Directions for this task =>
The lines needed run from the one that contains "Organic Cotton Neck" through the end of the material below, both included; write them out exactly, with no pictures.

Recorded data =>

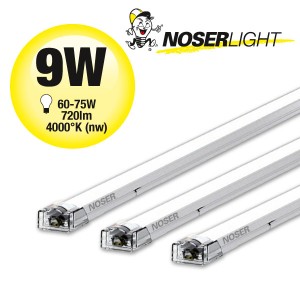 NOSER LED -STICK 56cm, 9W, 720°m, 120°, DC24V, 4000K -kaltweiss, dimmbar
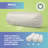 Organic Cotton Neck Roll Pillow - Breathable Soft Pillow with Zippered Shell for Neck Support-98954971-94008266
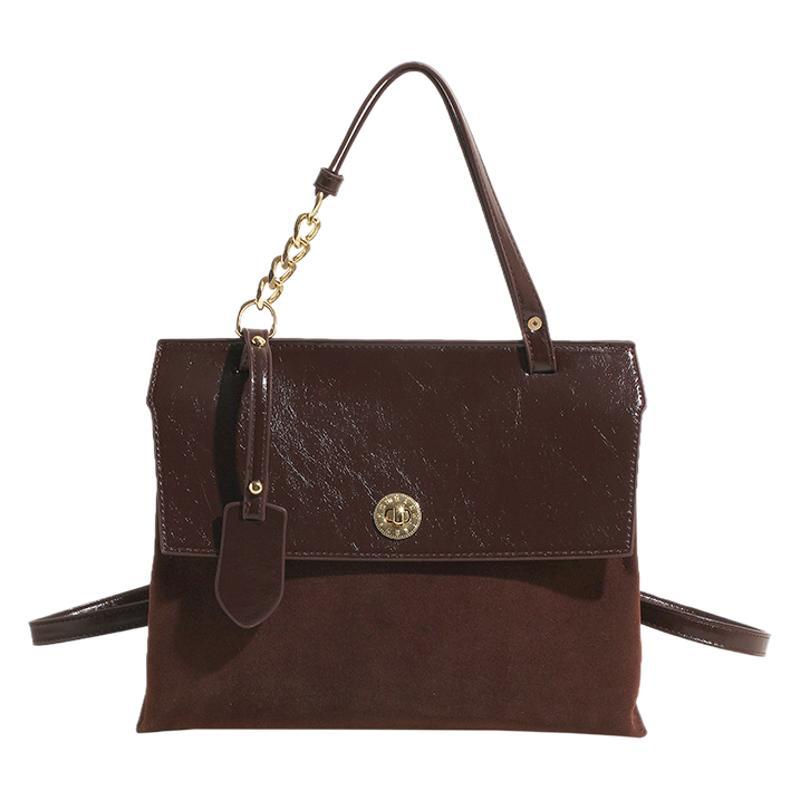 Premium retro backpack women's 2025 new fashion versatile handbag student trend contrasting color travel schoolbag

Response =>
 Organic Cotton Neck Roll Pillow - Breathable Soft Pillow with Zippered Shell for Neck Support-98954971-94008266
 Premium retro backpack women's 2025 new fashion versatile handbag student trend contrasting color travel schoolbag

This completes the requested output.